[Raw data Boundary: Start]

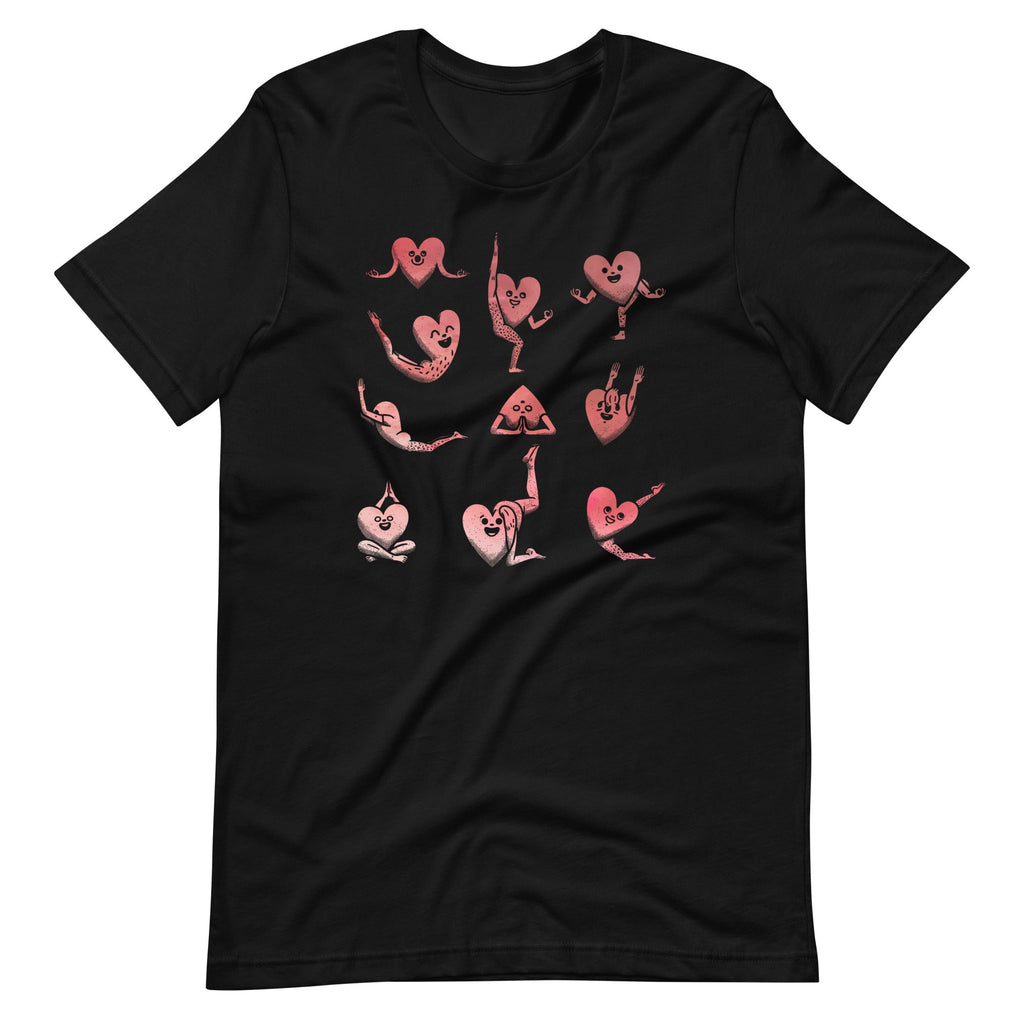 Heart Yoga Pose Valentines Day Funny Zen Workout Unisex product image 2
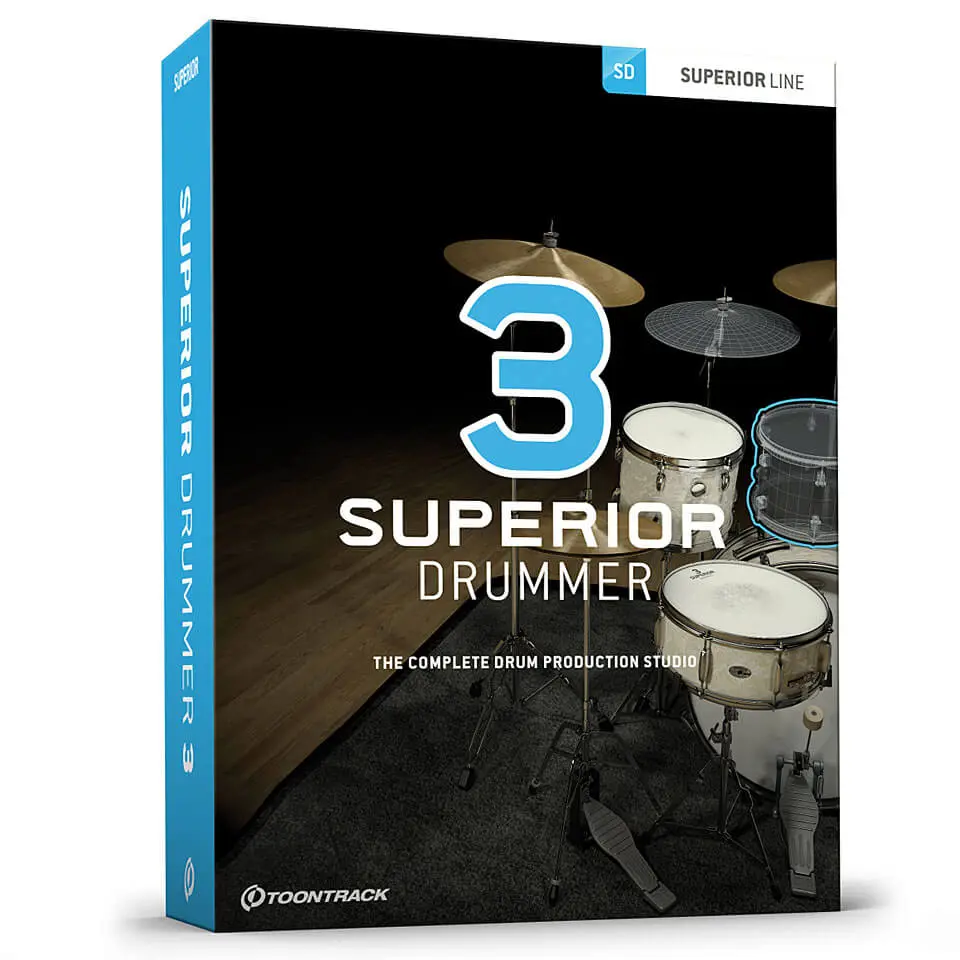 Box of Superior Drummer 3 music composition software
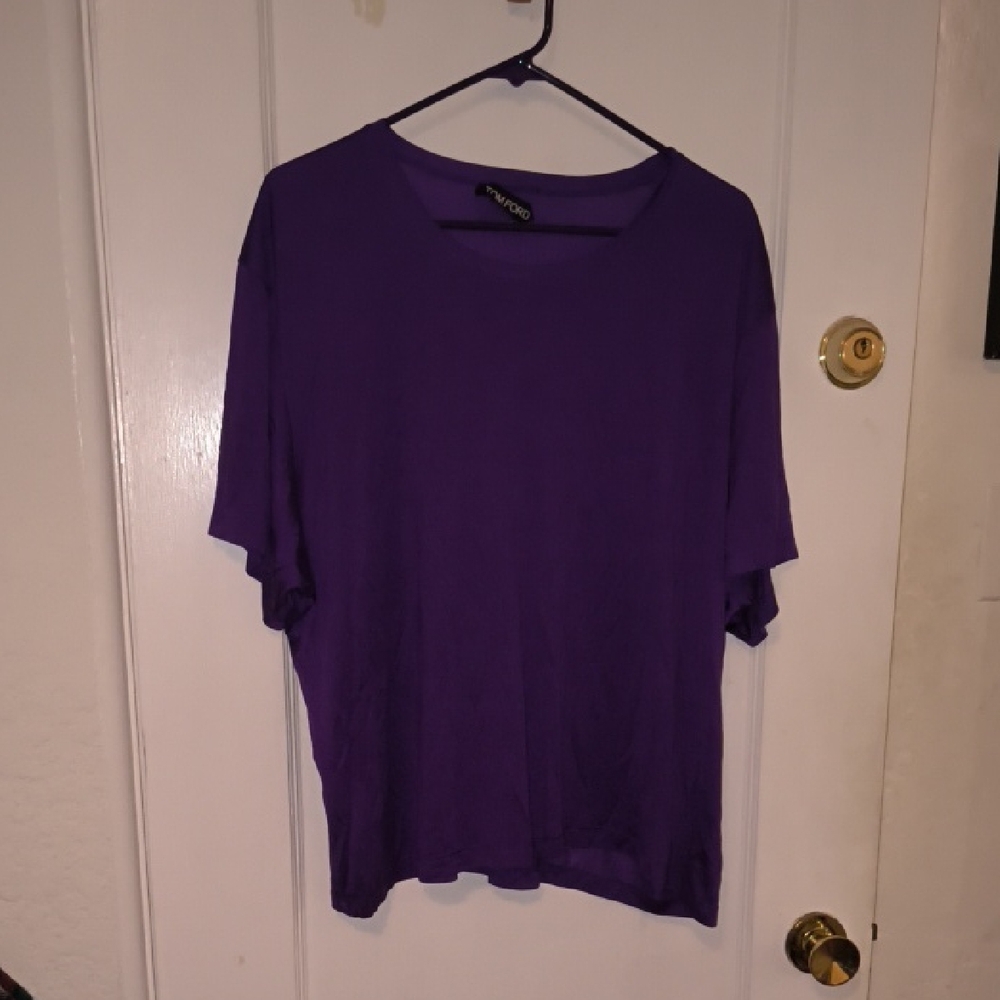 Tom Ford | Purple Short Sleeve Tee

[Raw data Boundary: End]

**Task prompt:** No pictures belong in the copy. Retype exactly, and only, the lines from the line containing "Box of Superior" through the last line of the data, both included.

**Solution for this task:**
 Box of Superior Drummer 3 music composition software
 Tom Ford | Purple Short Sleeve Tee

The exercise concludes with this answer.